Petitioner also argues that the hearing officer failed to provide a written summary explaining why the hearing officer purportedly "disregarded" the allegedly exculpatory evidence (id., p. 2). Petitioner raised this argument in his habeas petition filed in the Court of Appeal (Respondent's Lodgment, p. 0038), but the Court of Appeal did not address the argument expressly in the Court's decision. Under Johnson v. Williams, U.S. , 2013 WL 610199, at *7, this Court presumes that the Court of Appeal decided the claim on the merits.*fn3

Where a prison disciplinary hearing may result in the loss of good time credits, Due Process requires, among other things, a written statement by the factfinder of the evidence relied on and the reasons for the disciplinary action. Superintendent, Massachusetts Correctional Institution, Walpole v. Hill, 472 U.S. at 455 (citing Wolff v. McDonnell, 418 U.S. 539, 563-67 (1974)). Petitioner relies on Meeks v. McBride, 81 F.3d 717 (7th Cir. 1996), for the further proposition that where a prisoner produces exculpatory evidence directly undermining the reliability of the evidence in the record pointing to guilt, the prisoner "is entitled to an explanation of why the [decisionmaker] disregarded the exculpatory evidence and refused to find it persuasive." Id. at 720 (citations omitted) (see Pet.
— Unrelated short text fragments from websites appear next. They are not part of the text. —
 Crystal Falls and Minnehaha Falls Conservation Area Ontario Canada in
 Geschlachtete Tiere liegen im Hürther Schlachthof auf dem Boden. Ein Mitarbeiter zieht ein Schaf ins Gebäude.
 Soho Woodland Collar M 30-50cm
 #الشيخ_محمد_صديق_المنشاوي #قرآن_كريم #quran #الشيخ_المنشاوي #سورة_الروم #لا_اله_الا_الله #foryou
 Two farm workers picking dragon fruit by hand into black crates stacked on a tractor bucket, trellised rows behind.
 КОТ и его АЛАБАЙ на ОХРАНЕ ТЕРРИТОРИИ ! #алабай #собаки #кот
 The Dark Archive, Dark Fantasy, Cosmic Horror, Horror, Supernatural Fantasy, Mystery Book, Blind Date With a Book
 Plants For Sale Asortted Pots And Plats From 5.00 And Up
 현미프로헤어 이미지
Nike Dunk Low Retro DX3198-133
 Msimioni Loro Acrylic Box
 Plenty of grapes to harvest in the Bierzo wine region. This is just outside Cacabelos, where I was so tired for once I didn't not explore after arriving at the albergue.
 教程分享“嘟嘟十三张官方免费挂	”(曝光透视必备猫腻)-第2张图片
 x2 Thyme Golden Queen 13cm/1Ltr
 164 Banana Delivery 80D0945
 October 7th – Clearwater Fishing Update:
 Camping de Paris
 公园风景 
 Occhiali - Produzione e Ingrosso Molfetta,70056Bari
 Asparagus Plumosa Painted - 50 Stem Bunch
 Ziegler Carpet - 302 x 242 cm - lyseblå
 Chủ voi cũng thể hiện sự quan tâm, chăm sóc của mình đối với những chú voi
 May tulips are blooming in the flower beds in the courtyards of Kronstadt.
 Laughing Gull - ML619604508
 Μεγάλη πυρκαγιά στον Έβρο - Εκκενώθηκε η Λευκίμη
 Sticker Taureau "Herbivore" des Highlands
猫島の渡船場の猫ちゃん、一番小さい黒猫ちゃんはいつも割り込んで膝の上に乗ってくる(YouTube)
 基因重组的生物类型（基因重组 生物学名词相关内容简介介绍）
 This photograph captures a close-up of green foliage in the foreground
Mem., pp. 1-2). No United States Supreme Court case clearly establishes this latter proposition, however, so the failure to give a Meeks v. McBride-type explanation cannot form the basis for federal habeas relief in this case. Even assuming arguendo that the federal Constitution requires a Meeks v. McBride-type explanation, habeas relief would still be unavailable herein. The hearing officer described the evidence upon which the officer based the decision. The hearing officer explained that he credited Becerra's account of the incident (expressly noting Petitioner's denial that his sweatshirt was torn as the photograph allegedly depicted). The hearing officer thereby rejected (for the reasons stated) any evidence purporting to contradict Becerra's credible account. At a minimum, therefore, it was not unreasonable for the state court to conclude that Petitioner received the written statement of reasons mandated by the federal Constitution.*fn4

For the foregoing reasons, the Court of Appeal's rejection of Petitioner's claims was not contrary to, or an objectively unreasonable application of, any clearly established Federal law as determined by the United States Supreme Court. See 28 U.S.C. § 2254(d); Harrington v. Richter, 131 S. Ct. 770, 785-87 (2011). Therefore, Petitioner is not entitled to habeas relief.

RECOMMENDATION

For the foregoing reasons, IT IS RECOMMENDED that the Court issue an Order: (1) approving and adopting this Report and Recommendation; and (2) directing that Judgment be entered denying and dismissing the Petition with prejudice.

NOTICE

Reports and Recommendations are not appealable to the Court of Appeals, but may be subject to the right of any party to file objections as provided in the Local Rules Governing the Duties of Magistrate Judges and review by the District Judge whose initials appear in the docket number. No notice of appeal pursuant to the Federal Rules of Appellate Procedure should be filed until entry of the judgment of the District Court.

If the District Judge enters judgment adverse to Petitioner, the District Judge will, at the same time, issue or deny a certificate of appealability. Within twenty (20) days of the filing of this Report and Recommendation, the parties may file written arguments regarding whether a certificate of appealability should issue.